A jury in the Circuit Court for Anne Arundel County convicted petitioner Mora of maintaining a common nuisance, in violation of Maryland Code, Article 27, § 286(a)(5). The conviction was based on evidence, the sufficiency of which is not challenged, that, between 1988 and 1997, Mora maintained a "compound" at 8200 West Baltimore-Annapolis Road that was (1) resorted to by drug abusers for the purpose of illegally administering controlled dangerous substances, and (2) used for the illegal manufacture, distribution, dispensing, storage, or concealment of such substances.1 Any place maintained for either purpose constitutes a common nuisance under § 286(a)(5).
The county police department had been investigating Mora and his compound since 1988 and, on at least six and possibly eight, prior occasions, including in August, 1995 and in September and November, 1996, had obtained and executed search warrants for the compound and, based on evidence obtained in those searches, filed charges in the district court against Mora. For whatever reason, the State then declined to prosecute those charges. Upon the dismissal of the 1995 and 1996 charges, Mora proceeded, under Article 27, §§ 735—741, to obtain orders from the district court expunging court and police records pertaining to those charges. The single issue presented to us is whether the State was precluded from using information or evidence allegedly covered by those expungement orders in the prosecution of this case. The Court of Special Appeals, in affirming the judgment of the circuit court, addressed that issue and held that the information and evidence was not precluded. Mora v. State, 123 Md.App. 699, 720 A.2d 934 (1998). We shall affirm the judgment for other reasons.
The law governing the expungement of criminal records is set forth in Article 27, §§ 735-741 and Maryland Rules 4-501—4-512. Two situations are provided for— when a person is arrested or otherwise detained but not formally charged, and when a person is formally charged but, for any of the reasons enumerated in § 737, is not convicted or, if convicted, is pardoned. Section 736 deals with the first situation and provides, in relevant part, that if a person is arrested, detained, or confined for the violation of any criminal law, other than a motor vehicle or traffic law, and is released without being charged, the person is entitled to have the police records concerning the arrest, detention, or confinement expunged. It sets forth a procedure for requesting the expungement, an investigation by the affected law enforcement agencies, and a court order of expungement.
Section 737 deals with the second situation. In relevant part, it provides that if a person is charged with the commission of a crime and the charge is dismissed or nol prossed, the person may file a petition in the court in which the proceeding was commenced or to which the proceeding was transferred or appealed to have all records pertaining to the charge that are maintained by the State or any of its subdivisions expunged. A petition may not be filed within three years after the dismissal or nol pros unless the petitioner executes a general waiver and release of all claims the petitioner may have against any person for tortious conduct arising from the charge. A copy of the petition must be served on the State's Attorney. Unless the State's Attorney, within 30 days after service, files an objection, the court must enter an order requiring the expungement "of police records and court records pertaining to the charge." § 737(i). If an objection is filed, the court must conduct a hearing and determine whether the person is entitled to expungement.

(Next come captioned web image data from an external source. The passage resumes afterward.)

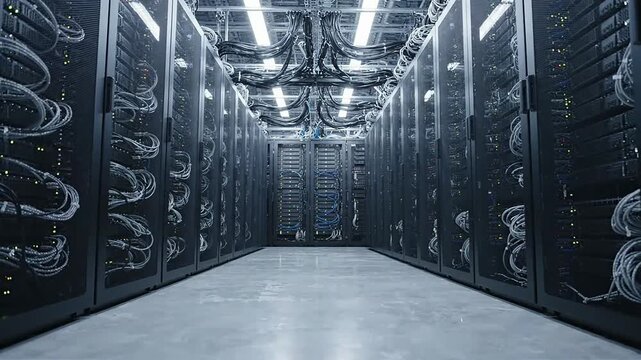 Advanced industrial data center facility featuring rows of powerful server racks and complex network cabling for high speed digital computing power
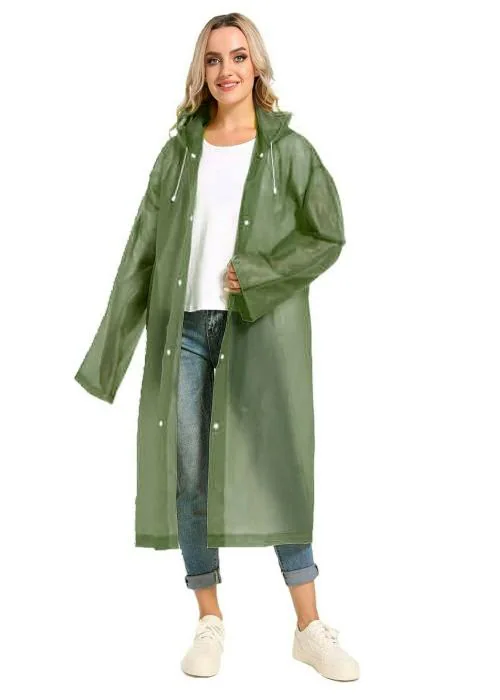 INFISPACE Women's Polyester Long RainCoat Pocho with Adjustable Cap and Dgreen Color Raincoat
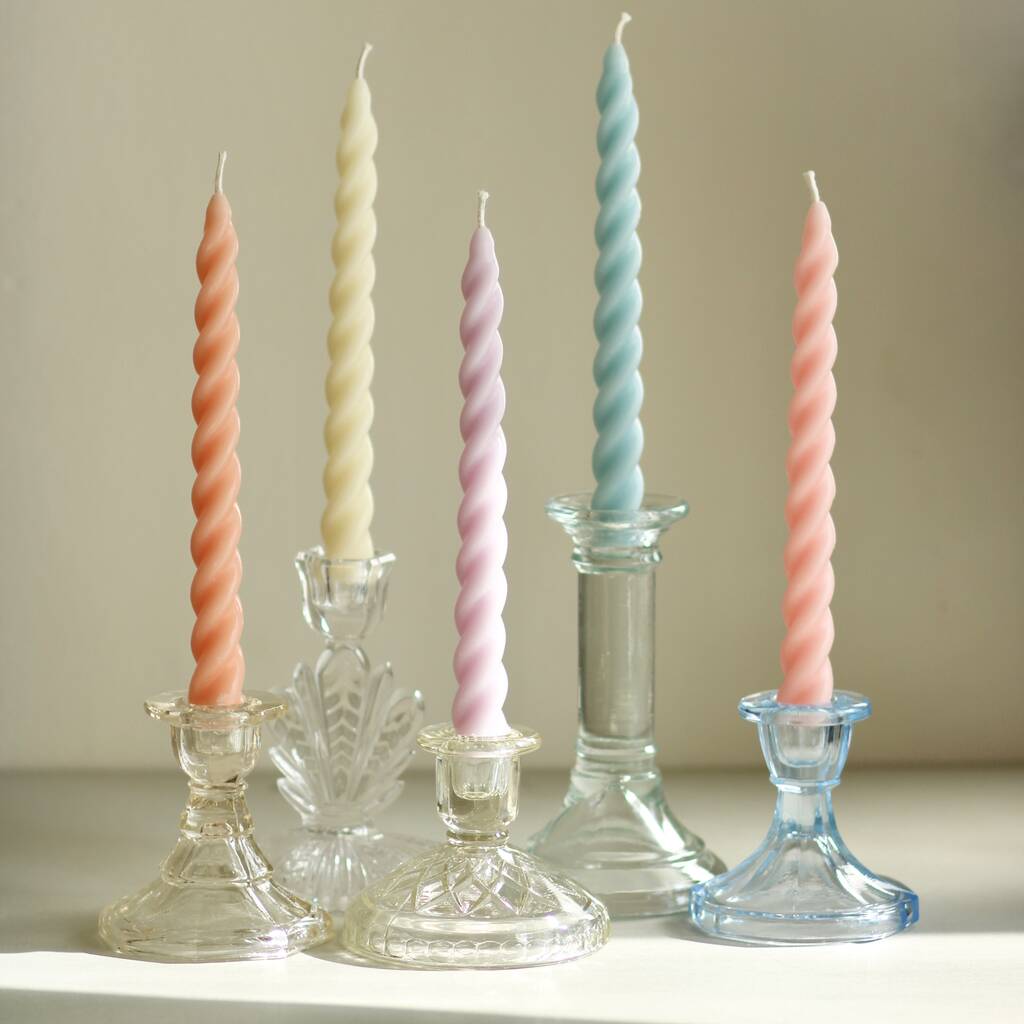 Five Perfect Pastel Beeswax Soy Blend Twist Candles, 1 of 8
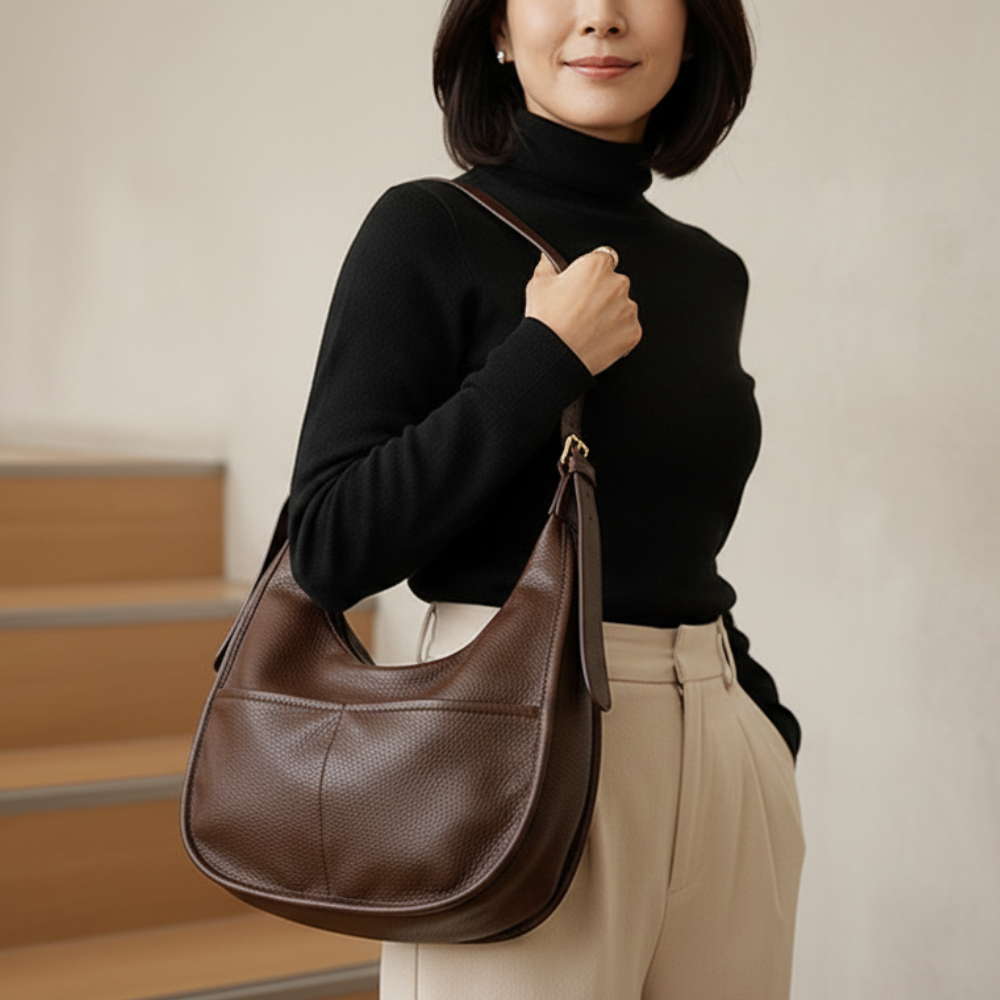 LUNAIRE™ – 大容量PUレザークロワッサンバッグ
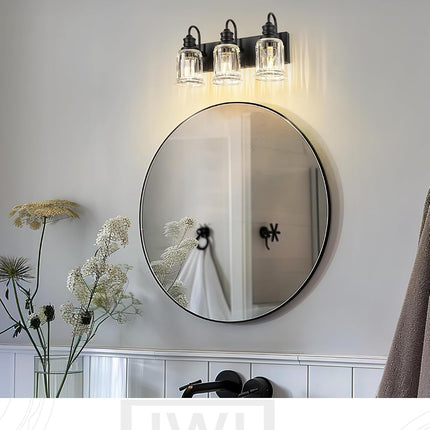 HWH 3-Light Matte Black Bathroom Vanity Light, 18 in Wall Fixture with Fluted Clear Glass Shades, ETL Listed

Section 735 defines the pertinent terms—court records, police records, and expungement. With exceptions not relevant here, "court records" means "all official records maintained by [court personnel] pertaining to a criminal proceeding," including indices, docket entries, charging documents, pleadings, memoranda, transcriptions of proceedings, electronic recordings, orders, judgments, and decrees. § 735(b). Section 735(e) defines "police records" to mean "all official records maintained by a law enforcement agency [or the Criminal Justice Information System Central Repository] pertaining to the arrest and detention of or further proceeding against a person on a criminal charge or for a suspected violation of a criminal law." The term does not include, however, "investigatory files, police work-product records used solely for police investigation purposes," or records pertaining to certain motor vehicle or traffic offenses. Finally, for our purposes, § 735(c) defines "expungement" to mean "the effective removal of these records from public inspection" by obliteration, removal to a separate secure area "to which the public and other persons having no legitimate reason for being there are denied access," or, if effective access to a record can be obtained only by reference to other records, by the expungement of the other records, or part thereof providing the access.

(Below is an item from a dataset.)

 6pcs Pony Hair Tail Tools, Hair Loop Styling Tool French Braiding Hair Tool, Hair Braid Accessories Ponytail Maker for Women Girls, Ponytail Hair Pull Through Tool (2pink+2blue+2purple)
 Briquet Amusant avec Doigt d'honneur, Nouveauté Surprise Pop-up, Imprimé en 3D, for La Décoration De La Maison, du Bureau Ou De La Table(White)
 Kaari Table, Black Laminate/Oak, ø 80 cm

The section most at issue here is § 739, which, in relevant part, makes it unlawful for any person "having or acquiring access to an expunged record to open or review it or disclose to another person any information from it without an order from the court which ordered the record expunged...." Ordinarily, a court may not enter such an order without notice to the person to whom the record pertains and a hearing, but, upon a verified petition by the State's Attorney alleging that the record is needed by a law enforcement agency for purposes of a pending criminal investigation and that the investigation will be jeopardized or that life or property will be endangered without immediate access to the record, the court may enter an ex parte order permitting access. Section 739(d) makes a violation of § 739 a misdemeanor and subjects the violator to imprisonment and a fine and, if the violator is a State or local government employee, to dismissal for misconduct in office.
The expungement issue first arose in this case after the State, in response to a discovery request, advised that it would be using at trial evidence seized pursuant to the execution of search warrants in July, 1988, December, 1991, May, 1992, May, 1993, May, 1995, August, 1995, September, 1996, and November, 1996. Copies of those warrants, along with the applications and returns pertaining to them, were supplied to Mora. The State also informed Mora that members of the county police department had conducted surveillance of the compound on 18 dates in 1995, which were disclosed. Mora thereupon moved to dismiss the indictment on the ground that "these records," which were not described in the motion, "were the subject of appropriate expungement orders arising out of charges being placed against this Defendant during the period of time he has been charged with having committed offenses and as set forth in the indictment in this case." The motion did not describe the expungement orders; nor were they attached to the motion. In a subsequent memorandum filed in support of the motion, Mora seemed to assume that all evidence from 1988 onward pertaining to him and to the compound had been expunged and that "[s]ince the material divulged in discovery by the State was used in the expunged cases there should be no evidence to be presented during the period charged in the Indictment."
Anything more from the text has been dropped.